→ Description of the task
Only the images get left out; everything else in the records is to be transcribed exactly.

→ Exercise input
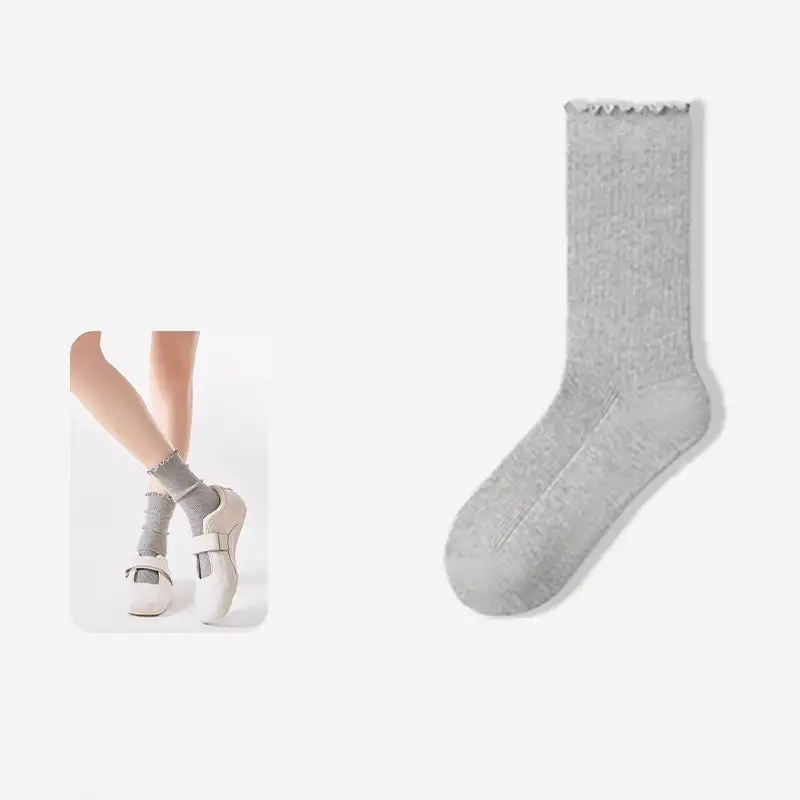 Lettuce Trim Ribbed Slouch Crew Socks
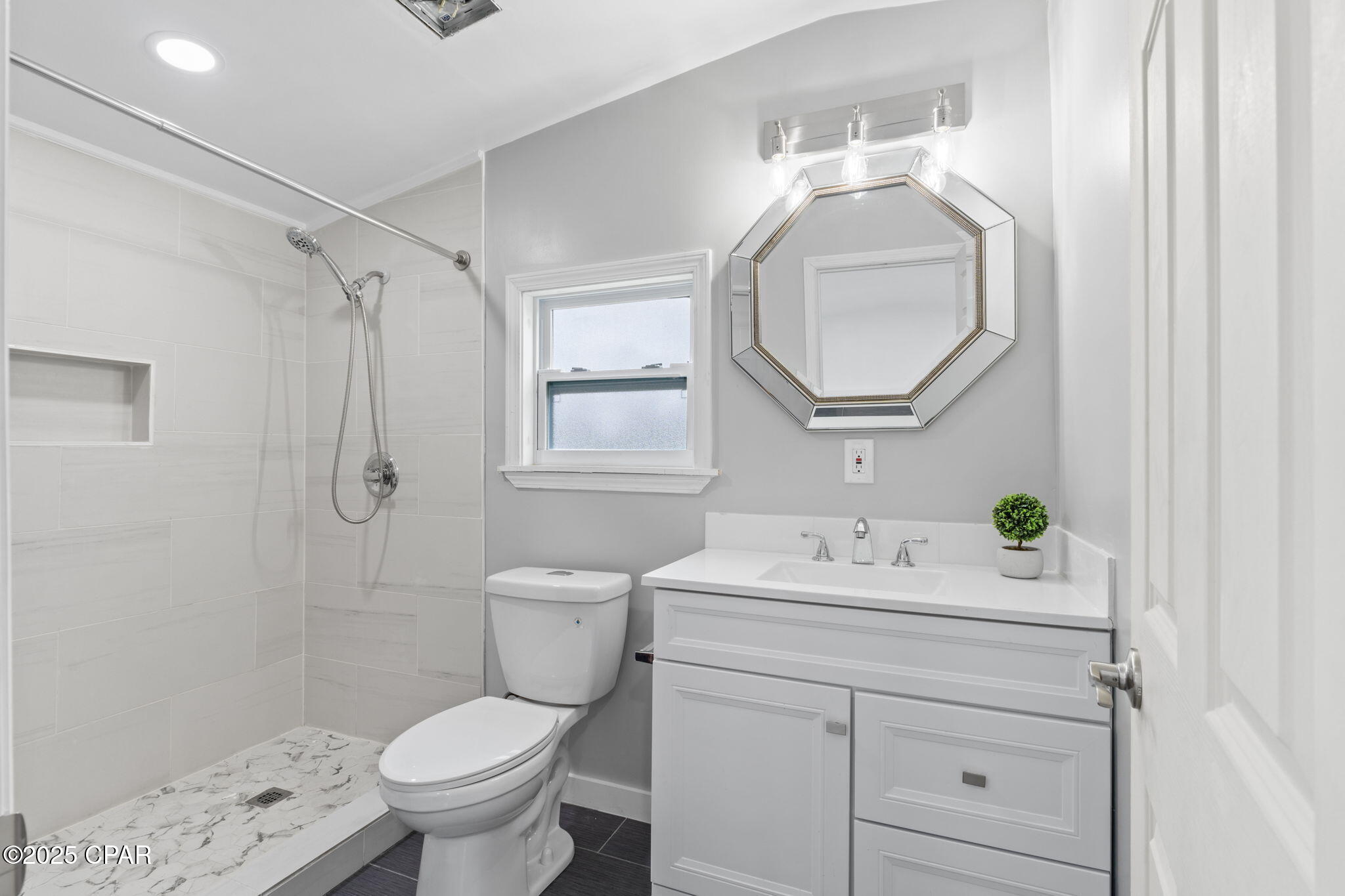 Image 29 For 6807 Porter Grade Road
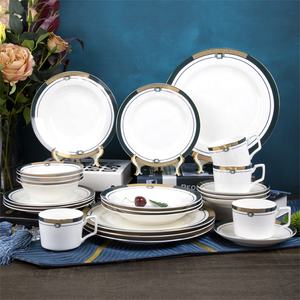Fourniture directe d'usine ensembles d'assiettes à bas prix vaisselle vert foncé fantaisie or brillant design exquis vaisselle en porcelaine - Product Image 1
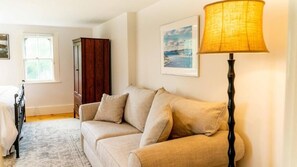 Superior Suite, Garden View | Living area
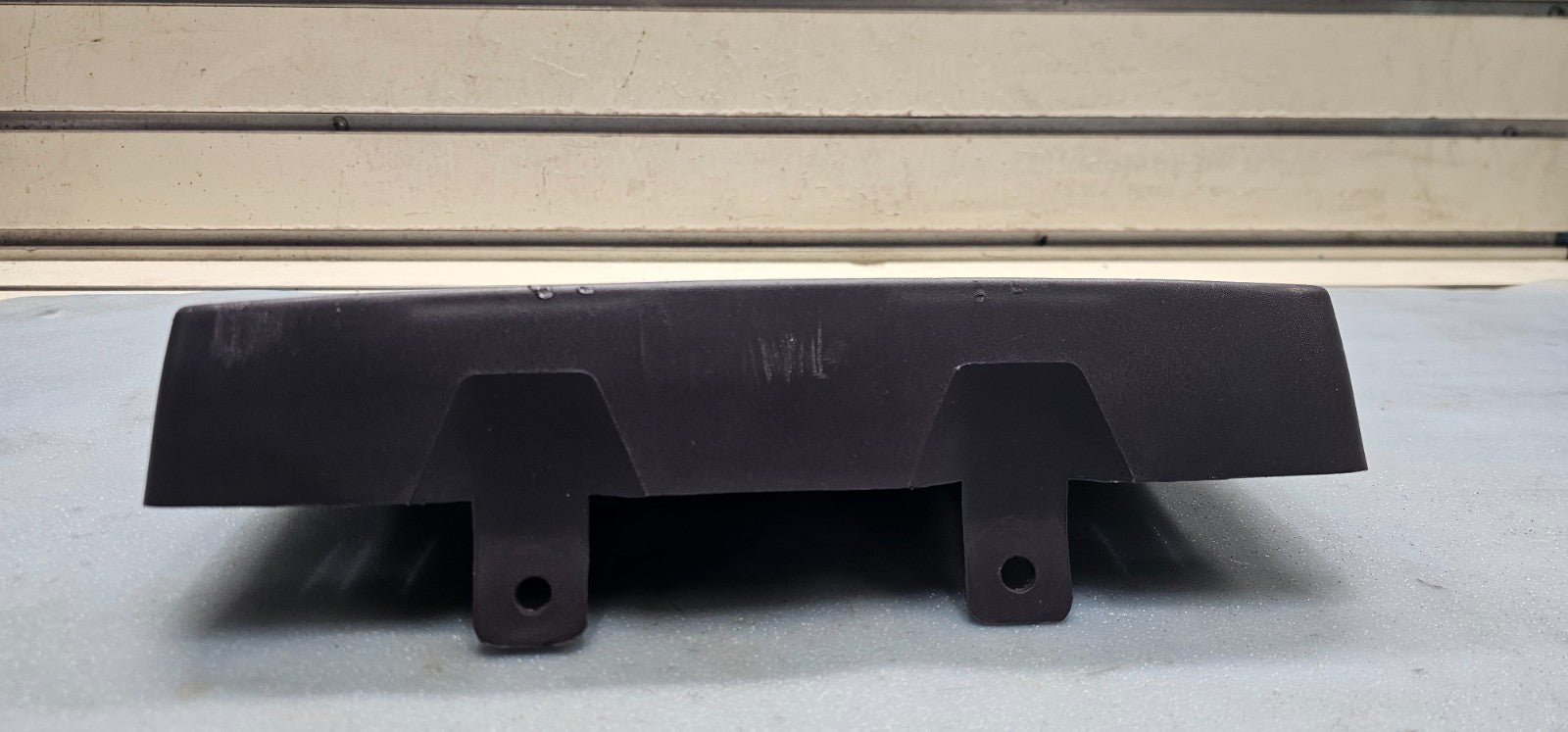 🔥95-97 Lincoln Town Car Front License Plate Holder Bracket Assembly OEM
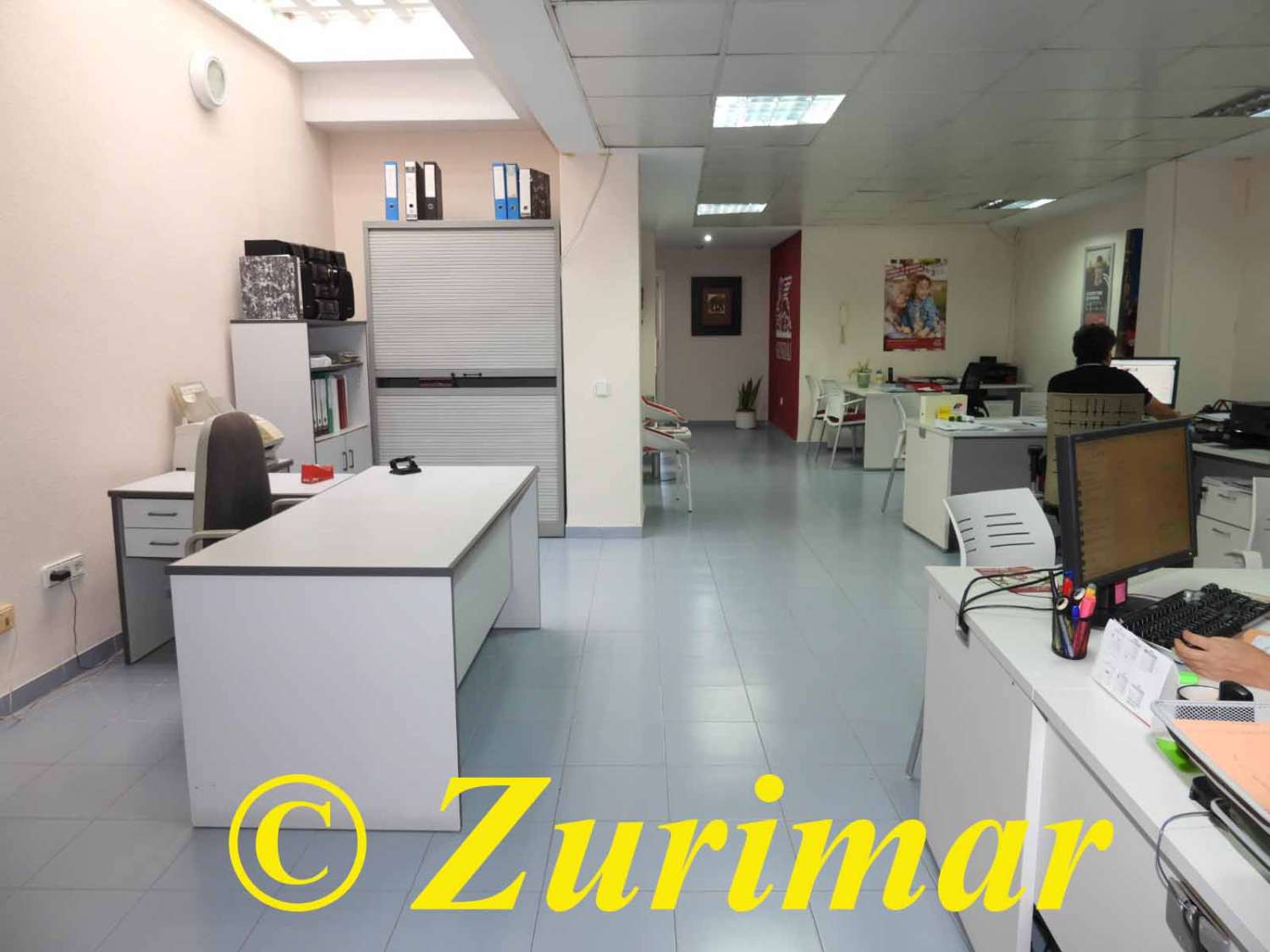 Commercial premises in the centre of Roquetas de Mar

→ Written answer
 Lettuce Trim Ribbed Slouch Crew Socks
 Image 29 For 6807 Porter Grade Road
Fourniture directe d'usine ensembles d'assiettes à bas prix vaisselle vert foncé fantaisie or brillant design exquis vaisselle en porcelaine - Product Image 1
 Superior Suite, Garden View | Living area
 🔥95-97 Lincoln Town Car Front License Plate Holder Bracket Assembly OEM
 Commercial premises in the centre of Roquetas de Mar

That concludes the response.